[Crawled caption data]
----------------

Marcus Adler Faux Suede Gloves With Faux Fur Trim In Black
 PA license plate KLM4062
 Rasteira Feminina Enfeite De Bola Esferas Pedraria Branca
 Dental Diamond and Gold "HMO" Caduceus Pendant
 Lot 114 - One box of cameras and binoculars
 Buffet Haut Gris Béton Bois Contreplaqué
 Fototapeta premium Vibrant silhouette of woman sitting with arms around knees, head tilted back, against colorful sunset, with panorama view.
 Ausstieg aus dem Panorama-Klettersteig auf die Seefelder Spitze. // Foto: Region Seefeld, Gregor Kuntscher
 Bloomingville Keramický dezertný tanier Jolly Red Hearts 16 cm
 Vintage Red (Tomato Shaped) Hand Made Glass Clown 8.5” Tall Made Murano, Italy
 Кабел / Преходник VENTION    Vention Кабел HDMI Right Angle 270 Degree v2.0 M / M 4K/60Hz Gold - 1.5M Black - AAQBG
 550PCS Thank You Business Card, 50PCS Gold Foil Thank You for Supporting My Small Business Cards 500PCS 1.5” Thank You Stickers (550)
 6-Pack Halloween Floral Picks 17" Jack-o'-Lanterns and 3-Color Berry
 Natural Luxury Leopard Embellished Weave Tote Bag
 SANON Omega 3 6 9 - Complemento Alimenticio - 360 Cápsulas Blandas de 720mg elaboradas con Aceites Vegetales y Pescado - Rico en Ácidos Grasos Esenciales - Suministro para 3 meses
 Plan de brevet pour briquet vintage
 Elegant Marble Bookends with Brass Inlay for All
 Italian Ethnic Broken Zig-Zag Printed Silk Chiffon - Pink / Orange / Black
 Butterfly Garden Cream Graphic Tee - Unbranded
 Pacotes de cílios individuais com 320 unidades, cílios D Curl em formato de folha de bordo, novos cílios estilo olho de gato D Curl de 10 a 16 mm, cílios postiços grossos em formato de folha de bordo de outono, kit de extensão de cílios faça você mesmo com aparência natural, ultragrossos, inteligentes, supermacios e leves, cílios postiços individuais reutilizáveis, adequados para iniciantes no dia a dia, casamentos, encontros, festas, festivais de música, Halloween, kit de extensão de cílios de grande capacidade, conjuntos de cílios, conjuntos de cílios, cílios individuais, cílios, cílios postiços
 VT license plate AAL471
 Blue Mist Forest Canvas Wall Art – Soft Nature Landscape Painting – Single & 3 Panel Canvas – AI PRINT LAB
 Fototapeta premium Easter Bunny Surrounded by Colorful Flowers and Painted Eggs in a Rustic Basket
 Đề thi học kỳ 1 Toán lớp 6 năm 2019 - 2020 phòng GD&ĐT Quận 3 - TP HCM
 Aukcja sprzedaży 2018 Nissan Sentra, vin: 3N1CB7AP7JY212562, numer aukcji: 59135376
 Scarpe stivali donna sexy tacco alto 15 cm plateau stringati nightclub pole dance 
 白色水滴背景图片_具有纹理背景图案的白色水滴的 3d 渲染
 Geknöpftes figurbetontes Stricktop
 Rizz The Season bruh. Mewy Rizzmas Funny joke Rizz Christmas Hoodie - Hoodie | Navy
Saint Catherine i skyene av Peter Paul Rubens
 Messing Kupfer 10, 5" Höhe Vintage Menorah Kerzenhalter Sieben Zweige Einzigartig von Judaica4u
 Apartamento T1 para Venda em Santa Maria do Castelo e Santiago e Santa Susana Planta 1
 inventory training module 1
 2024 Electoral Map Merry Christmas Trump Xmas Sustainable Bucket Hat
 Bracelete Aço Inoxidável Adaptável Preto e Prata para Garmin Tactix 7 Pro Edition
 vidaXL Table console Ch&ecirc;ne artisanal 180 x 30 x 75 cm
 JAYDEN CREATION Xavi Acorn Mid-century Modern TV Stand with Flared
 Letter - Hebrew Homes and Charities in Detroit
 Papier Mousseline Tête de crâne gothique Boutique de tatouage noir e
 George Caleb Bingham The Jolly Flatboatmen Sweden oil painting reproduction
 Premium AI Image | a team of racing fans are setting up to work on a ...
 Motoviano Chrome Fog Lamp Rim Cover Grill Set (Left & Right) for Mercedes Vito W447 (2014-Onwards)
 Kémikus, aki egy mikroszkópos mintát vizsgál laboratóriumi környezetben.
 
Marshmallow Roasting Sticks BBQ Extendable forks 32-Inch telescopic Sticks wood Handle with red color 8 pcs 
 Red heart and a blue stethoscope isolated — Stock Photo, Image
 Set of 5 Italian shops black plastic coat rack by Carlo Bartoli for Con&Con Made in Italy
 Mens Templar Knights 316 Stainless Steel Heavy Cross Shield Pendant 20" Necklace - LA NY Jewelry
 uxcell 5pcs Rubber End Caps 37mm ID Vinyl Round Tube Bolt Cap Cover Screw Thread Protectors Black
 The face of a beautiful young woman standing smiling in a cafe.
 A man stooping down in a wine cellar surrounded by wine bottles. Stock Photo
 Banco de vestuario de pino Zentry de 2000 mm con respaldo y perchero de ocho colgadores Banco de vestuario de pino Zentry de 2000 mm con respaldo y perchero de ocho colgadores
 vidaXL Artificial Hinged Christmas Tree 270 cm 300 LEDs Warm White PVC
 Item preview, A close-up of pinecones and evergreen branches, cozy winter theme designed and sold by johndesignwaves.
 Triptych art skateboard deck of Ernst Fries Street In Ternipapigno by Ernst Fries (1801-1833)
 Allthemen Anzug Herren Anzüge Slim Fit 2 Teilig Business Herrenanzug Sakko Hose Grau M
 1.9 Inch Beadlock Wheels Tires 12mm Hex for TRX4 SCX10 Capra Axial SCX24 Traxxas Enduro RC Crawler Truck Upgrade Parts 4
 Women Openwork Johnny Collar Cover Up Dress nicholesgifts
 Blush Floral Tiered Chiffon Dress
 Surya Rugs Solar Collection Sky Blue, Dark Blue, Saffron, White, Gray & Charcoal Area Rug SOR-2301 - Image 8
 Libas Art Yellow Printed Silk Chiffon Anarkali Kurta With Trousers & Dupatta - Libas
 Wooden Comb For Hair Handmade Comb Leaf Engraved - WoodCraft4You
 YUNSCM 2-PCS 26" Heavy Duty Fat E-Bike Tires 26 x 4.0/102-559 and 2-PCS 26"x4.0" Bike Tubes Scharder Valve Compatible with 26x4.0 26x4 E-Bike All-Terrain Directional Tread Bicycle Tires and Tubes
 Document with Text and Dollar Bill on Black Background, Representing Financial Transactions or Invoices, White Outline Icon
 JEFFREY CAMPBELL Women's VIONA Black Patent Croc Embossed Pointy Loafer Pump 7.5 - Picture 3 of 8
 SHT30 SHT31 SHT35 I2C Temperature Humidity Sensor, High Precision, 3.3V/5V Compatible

----------------

### [Task brief]
If a line in the records contains "Image", report it.

### [Response for this exercise]
 Premium AI Image | a team of racing fans are setting up to work on a ...
 Red heart and a blue stethoscope isolated — Stock Photo, Image
 Surya Rugs Solar Collection Sky Blue, Dark Blue, Saffron, White, Gray & Charcoal Area Rug SOR-2301 - Image 8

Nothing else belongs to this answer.